__TASK REQUIREMENTS__. Would you please output only the lines from the one containing "Rhodesian-Ridgeback-Labrador-Retriever / JEP-01939" through the end of the entries below, exactly as written?

══════

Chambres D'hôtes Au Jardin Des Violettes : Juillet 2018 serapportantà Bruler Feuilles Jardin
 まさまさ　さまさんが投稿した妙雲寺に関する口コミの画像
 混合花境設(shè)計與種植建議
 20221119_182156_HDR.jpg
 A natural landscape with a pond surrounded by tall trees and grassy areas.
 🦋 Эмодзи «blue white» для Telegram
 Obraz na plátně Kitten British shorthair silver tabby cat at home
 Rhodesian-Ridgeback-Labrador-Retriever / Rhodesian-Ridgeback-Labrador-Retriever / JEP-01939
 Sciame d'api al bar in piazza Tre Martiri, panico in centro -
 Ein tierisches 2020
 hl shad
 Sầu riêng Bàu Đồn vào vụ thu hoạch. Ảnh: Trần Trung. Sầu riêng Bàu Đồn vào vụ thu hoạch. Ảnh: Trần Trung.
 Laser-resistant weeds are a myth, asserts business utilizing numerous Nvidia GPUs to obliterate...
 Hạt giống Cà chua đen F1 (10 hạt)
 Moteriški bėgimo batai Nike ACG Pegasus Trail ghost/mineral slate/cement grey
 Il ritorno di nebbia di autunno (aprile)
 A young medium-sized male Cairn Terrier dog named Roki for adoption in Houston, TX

══════

__OUTPUT OF THE EXERCISE__.
 Rhodesian-Ridgeback-Labrador-Retriever / Rhodesian-Ridgeback-Labrador-Retriever / JEP-01939
 Sciame d'api al bar in piazza Tre Martiri, panico in centro -
 Ein tierisches 2020
 hl shad
 Sầu riêng Bàu Đồn vào vụ thu hoạch. Ảnh: Trần Trung. Sầu riêng Bàu Đồn vào vụ thu hoạch. Ảnh: Trần Trung.
 Laser-resistant weeds are a myth, asserts business utilizing numerous Nvidia GPUs to obliterate...
 Hạt giống Cà chua đen F1 (10 hạt)
 Moteriški bėgimo batai Nike ACG Pegasus Trail ghost/mineral slate/cement grey
 Il ritorno di nebbia di autunno (aprile)
 A young medium-sized male Cairn Terrier dog named Roki for adoption in Houston, TX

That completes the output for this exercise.